Bu trajikomik ve bir o kadar da acınası küstahlık karşısında moderatör de dayanamıyor. Konuğa “İran açıklama yapmadan Reisi’nin öldüğünü bizim Cumhurbaşkanımız nasıl açıklayabilir” diye çıkışıyor.
Ve bu boş muhabbetten sadece 1-2 saat sonra AKINCI İHA helikopterin enkazına ulaşıyor. Türk İHA’sı 97 dakikada enkazı buluyor. Dünya genelinde milyonlarca insan bu anı dakika dakika takip ediyor.
Türkiye’nin zor günde komşusuna nasıl bir yardımı olabileceği sorusu da cevabını bulmuş oluyor.
Bu ülke ne çektiyse bu kibir abidelerinin boş muhabbetinden çekti.
İçinde bir gram vatan sevgisi olan bu işten gurur duyar.
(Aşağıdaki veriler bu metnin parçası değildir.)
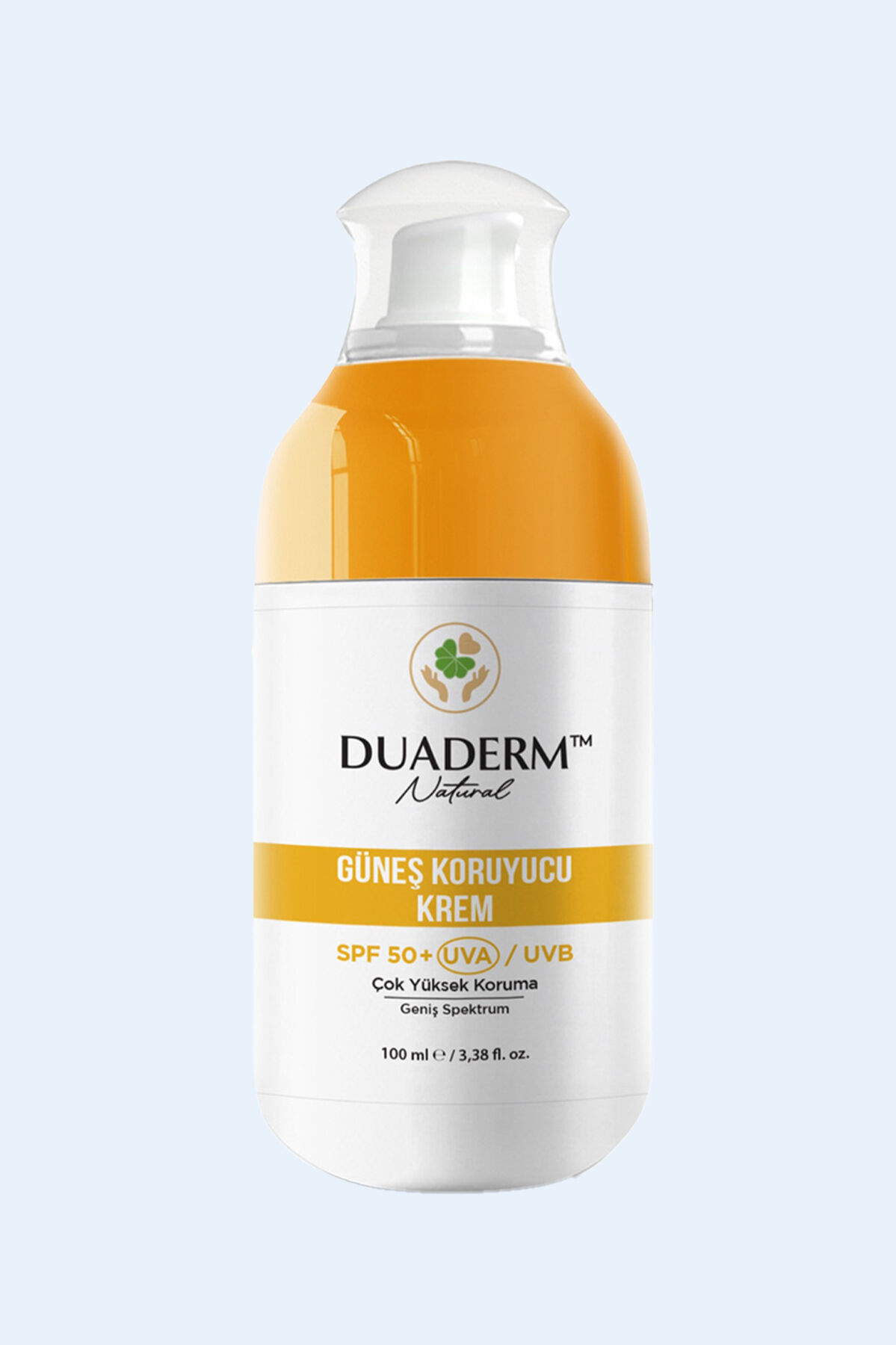 Yeni Filtreli C Vitaminli Yüz ve Vücut Güneş Kremi SPF50+ (Vitamin C + UVA/UVB) 100 ml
Kafasında ve kalbinde uzay boşluğu kadar büyük boşluklar olan da işte böyle saçmalar…
Suçlu İmamoğlu mu gazeteciler mi?
İmamoğlu’nun yanına 45 gazeteci alarak Roma’ya gitmesi doğal olarak tartışılıyor.
Gazeteci davet edildiği yere “Haber amaçlı’ olma şartıyla gider. Cumhurbaşkanının seyahatleri hariç yol ve konaklama masrafları da genellikle davet eden kuruluş tarafından karşılanır.
Buraya kadar eleştirilecek bir şey yok. Sıkıntı o gezideki bazı gazetecilerin yıllardır “Yandaş” diye etiketledikleri meslektaşlarına haksızca yönelttikleri eleştirilerin tam tersi bir davranış sergilemeleri.
Meğer bu arkadaşlar için kamunun parasıyla ballı gezilere gitmek, lüks otellerde pahalı şaraplar tüketmek etik açıdan hiçbir sorun teşkil etmiyormuş!
Yandaş diye sosyal medya trollerine hedef gösterdikleri gazetecilere attıkları iftiralar hep kendi mahallelerine selam çakmak içinmiş.
Ben bu olayda İmamoğlu’nu sadece pahalı otel tercihi sebebiyle eleştiririm.
Roma’ya işini yapmaya giden gerçek basın emekçilerini ayırarak yazıyorum…
Yoldan çıkmaya bu kadar hazır, pahalı şarap içmek için herkese güzellemeler yapabilen, 40 yıldır kimi güçlü gördülerse ona yanlayan adamları elbette İmamoğlu da kullanmak isteyecektir. Bunda şaşılacak bir şey yok. Sonuçta o da bir siyasetçi.
Efendim bunu kamunun parasıyla yapıyor! O başka bir tartışma.
Asıl üzerinde durulması gereken şey, bu adamların yıllardır “Büyük gazeteci” pozlarıyla ülkede ahkam kesmeleri ve belli bir sosyoloji tarafından bir şey zannediliyor olmaları.
Roma seyahati hepsinin gerçek yüzünü Türkiye’ye gösterdi.